Para planejar o manejo da adubação fosfatada é indispensável relacionar o resultado da análise do solo com o correto enquadramento na sua classe de disponibilidade. As classes de disponibilidade são obtidas levando em consideração o teor do nutriente no solo e a produtividade das culturas naquelas condições. Por isso, elas são dependentes de um conjunto de experimentos com várias culturas e em diferentes solos, que darão o suporte para a calibração, como mostrado no modelo da figura 2a. Já a dose de fertilizante é estabelecida a partir da quantidade de adubo orgânico ou mineral necessária para que o nível do nutriente alcance valores iguais ao ótimo. As classes de disponibilidade de fósforo adotadas para o sistema plantio direto foram obtidas com informações do cultivo convencional, sem uma calibração própria. Por isso, os valores analíticos podem não ser adequados, já que não se considera no sistema plantio direto a variação dos teores de fósforo e outros atributos químicos ou físicos da camada 10-20cm que interferem na produtividade das culturas, especialmente em condições de déficit hídrico. Por outro lado, a maioria dos experimentos de calibração feita no sistema convencional tinha tetos de produtividades hoje considerados médios.

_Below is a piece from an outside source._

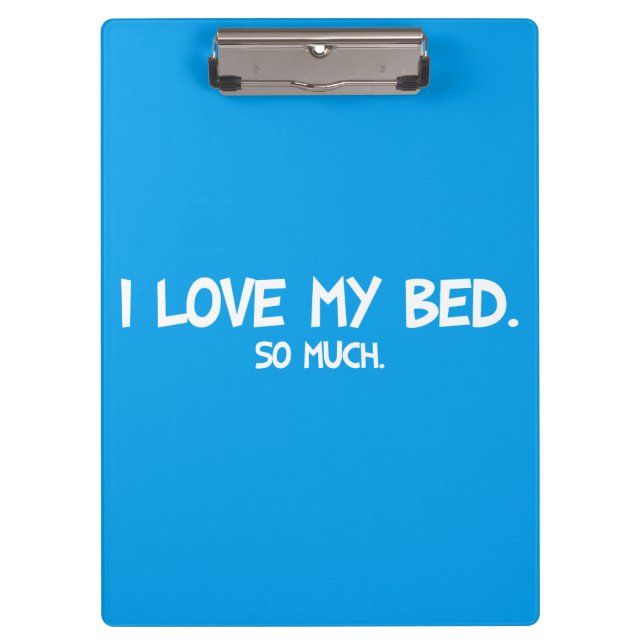 I Love My Bed - Funny Novelty Clipboard (Front)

Desse modo, devem-se intensificar as pesquisas enfocando, entre outras: (a) as frações de fósforo no solo e a produtividade das culturas; (b) a melhoria no enquadramento dos valores analíticos nas classes de disponibilidade; (c) as formas de aplicação dos fertilizantes fosfatados no solo sob sistema plantio direto; (d) as relações entre a disponibilidade de fósforo nas camadas subsuperficiais (abaixo de 10cm), a presença de alumínio trocável e de camadas compactadas e (e) o monitoramento constante das transferências de fósforo dos solos aos sistemas aquáticos.

Definição das doses de fertilizantes fosfatados

A definição da dose de fertilizante fosfatado a ser adicionada ao solo depende da filosofia de adubação adotada. Há basicamente duas filosofias de adubação em uso no Brasil: a adubação de correção seguida de manutenção e a construção gradativa da fertilidade do solo. Porém, em qualquer uma delas, visa-se ao incremento da disponibilidade do fósforo, ou de outro nutriente qualquer, a partir de doses de fertilizantes recomendadas. Por isso, de acordo com o teor no solo, a dose deve ser ajustada para recompor a exportação pela cultura e alcançar ou manter o teor ótimo no solo, como ilustrado na figura 2b.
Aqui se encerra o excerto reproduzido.